Monday was, of course, the New Year Bank Holiday, and the office was closed.  I had elected to be available for work, but I decided that I wouldn't phone in first thing to let whoever was manning the phones know I was still alive.  This might have been favourable, but the pseudo-Quaker in me said that if I did so, I should be making a complete irrelevance of the list upon which I had declared my availability in the first place.  Consequently, perhaps, and certainly without causing me great surprise, my phone was silent and the van remained unused.

Instead, my Bank Holiday was apportioned between two tasks.  I spent the afternoon and early evening playing an audio tape through the USB converter I bought last year, and storing the product on the computer.  This was the first of a 'double tape' product, and its fellow was similarly dealt with later in the week.  The other task on Monday was to identify an internet mailing list for Co Fermanagh, and subscribe to it with a view to finding out something more about the great family I'd located for my great-uncle George, who had been discharged from the army in 1876, and settled in Enniskillen (sorry if I've mentioned this before, but it has rather overshadowed my thoughts recently, since I'd long since decided that I would never know what had happened to him.)

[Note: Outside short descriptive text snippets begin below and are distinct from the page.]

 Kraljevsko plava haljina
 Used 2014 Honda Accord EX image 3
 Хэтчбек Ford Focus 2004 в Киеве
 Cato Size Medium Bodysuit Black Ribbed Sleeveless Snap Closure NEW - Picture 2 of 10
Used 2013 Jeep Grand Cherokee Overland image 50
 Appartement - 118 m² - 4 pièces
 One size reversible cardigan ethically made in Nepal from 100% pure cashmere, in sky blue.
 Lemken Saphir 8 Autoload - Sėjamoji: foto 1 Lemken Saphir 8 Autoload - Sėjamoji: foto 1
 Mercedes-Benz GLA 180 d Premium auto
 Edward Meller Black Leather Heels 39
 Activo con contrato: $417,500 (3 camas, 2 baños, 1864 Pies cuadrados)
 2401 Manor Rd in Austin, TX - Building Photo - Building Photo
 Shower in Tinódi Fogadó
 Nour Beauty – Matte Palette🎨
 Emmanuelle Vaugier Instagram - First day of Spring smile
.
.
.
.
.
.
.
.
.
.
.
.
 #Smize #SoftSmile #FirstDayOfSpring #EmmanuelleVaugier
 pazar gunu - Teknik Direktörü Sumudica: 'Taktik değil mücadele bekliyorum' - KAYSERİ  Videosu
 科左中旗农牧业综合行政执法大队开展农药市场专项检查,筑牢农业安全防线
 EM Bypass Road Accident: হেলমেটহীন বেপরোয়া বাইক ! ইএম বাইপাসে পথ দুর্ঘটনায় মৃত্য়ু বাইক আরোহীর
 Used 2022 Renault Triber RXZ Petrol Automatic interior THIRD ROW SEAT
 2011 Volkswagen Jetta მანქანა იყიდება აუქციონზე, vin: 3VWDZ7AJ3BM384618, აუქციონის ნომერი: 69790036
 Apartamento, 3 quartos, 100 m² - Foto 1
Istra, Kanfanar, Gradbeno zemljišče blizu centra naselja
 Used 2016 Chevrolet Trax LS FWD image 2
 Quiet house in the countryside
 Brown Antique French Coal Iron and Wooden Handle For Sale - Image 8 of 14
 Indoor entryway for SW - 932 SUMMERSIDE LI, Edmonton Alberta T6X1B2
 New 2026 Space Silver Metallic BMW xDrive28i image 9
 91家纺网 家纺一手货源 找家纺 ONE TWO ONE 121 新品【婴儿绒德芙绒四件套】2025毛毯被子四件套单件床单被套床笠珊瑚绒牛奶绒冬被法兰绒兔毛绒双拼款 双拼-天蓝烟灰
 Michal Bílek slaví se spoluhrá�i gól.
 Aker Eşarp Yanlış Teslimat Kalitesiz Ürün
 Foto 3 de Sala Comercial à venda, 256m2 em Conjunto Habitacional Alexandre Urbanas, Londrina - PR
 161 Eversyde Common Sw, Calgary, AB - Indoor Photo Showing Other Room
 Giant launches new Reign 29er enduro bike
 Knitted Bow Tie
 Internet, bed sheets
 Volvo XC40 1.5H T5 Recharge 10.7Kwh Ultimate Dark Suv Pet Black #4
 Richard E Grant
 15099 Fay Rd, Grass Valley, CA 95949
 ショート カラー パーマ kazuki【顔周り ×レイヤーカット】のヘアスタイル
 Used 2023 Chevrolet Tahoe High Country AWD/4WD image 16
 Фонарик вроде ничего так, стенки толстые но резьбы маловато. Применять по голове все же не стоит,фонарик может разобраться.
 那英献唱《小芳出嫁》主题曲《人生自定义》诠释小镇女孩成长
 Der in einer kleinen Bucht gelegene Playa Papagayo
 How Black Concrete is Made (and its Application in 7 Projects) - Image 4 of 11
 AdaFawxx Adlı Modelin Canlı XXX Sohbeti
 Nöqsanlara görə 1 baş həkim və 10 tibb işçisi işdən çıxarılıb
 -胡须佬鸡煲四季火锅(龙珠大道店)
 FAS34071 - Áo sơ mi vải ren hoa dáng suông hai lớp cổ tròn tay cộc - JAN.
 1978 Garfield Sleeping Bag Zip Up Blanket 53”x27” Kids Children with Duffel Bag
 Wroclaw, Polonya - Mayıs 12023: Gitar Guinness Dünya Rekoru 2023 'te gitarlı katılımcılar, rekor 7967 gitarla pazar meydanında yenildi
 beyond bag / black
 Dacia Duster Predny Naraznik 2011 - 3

Tuesday began with a number of necessary phone calls, made while waiting for my van to be serviced.  I needed to order a new inhaler, and also to make an appointment for an eye test.  Just as I was beginning to feel cold and rescued my coat from the van, I noticed the rain sheeting down outside and was glad I didn't have to be out in it.  At that point the van was almost finished, but when he took it for a road test, the engineer decided there was a problem with the tracking.  By the time this had been put right, the sun was out, and it was something of a pleasure soon afterwards to be sent to Leicester and see a magnificent double rainbow as I drove up the motorway.  I'd just finished my evening meal when a phone call sent me off to Shoeburyness, so I was out until 10.40pm, and late on parade the next day.

Wednesday brought no work at all, and by 2.30 I decided to be realistic and come home.  I discovered that someone else had usurped my post to the Fermanagh mailing list and answered with what was, in effect, a completely new enquiry about something totally different, with the result that, out of eight messages headed 'Evans - Enniskillen', one was a not-very-helpful reply to me, and the others totally irrelevant.  I hastily responded caustically to this 'identity theft' as I described it, but the following day realised the error of such an action, and apologised.  I think this was much more effective, for as a result I then received lots of encouragement and some very helpful general advice and details of websites that have opened my eyes to the intricacies of Irish research.

Yesterday I did a single job to a charming village in the west of Bedfordshire, delivering hygiene materials to a 'college' which seemed to cater solely for disabled students.  Once more I took the afternoon off, since it seemed pointless to sit there at the bottom of a long list,  when the phones were hardly ringing, and the few jobs coming in were for the big vans.  Once more family history and the tape conversion took centre stage.

Numerically, today has been more productive, but the first of the two jobs was only a very local one, and the other only 50 miles away, so the excitement was little.  I returned to find that one of my colleagues was researching a job he'd just been given to deliver tomorrow morning in Falkirk.  This is the sort of job I'd normally have given my eye teeth for, but somehow I just didn't have the energy to get excited about it.  I had departed and was just returning home from my shopping expedition when I realised that, even if I had been offered it, I should have had to turn it down anyway, because of the optician's appointment tomorrow morning.

So my week has been a true balance, and has felt all the better for it, with this evening spent exploring some of those fascinating Irish websites!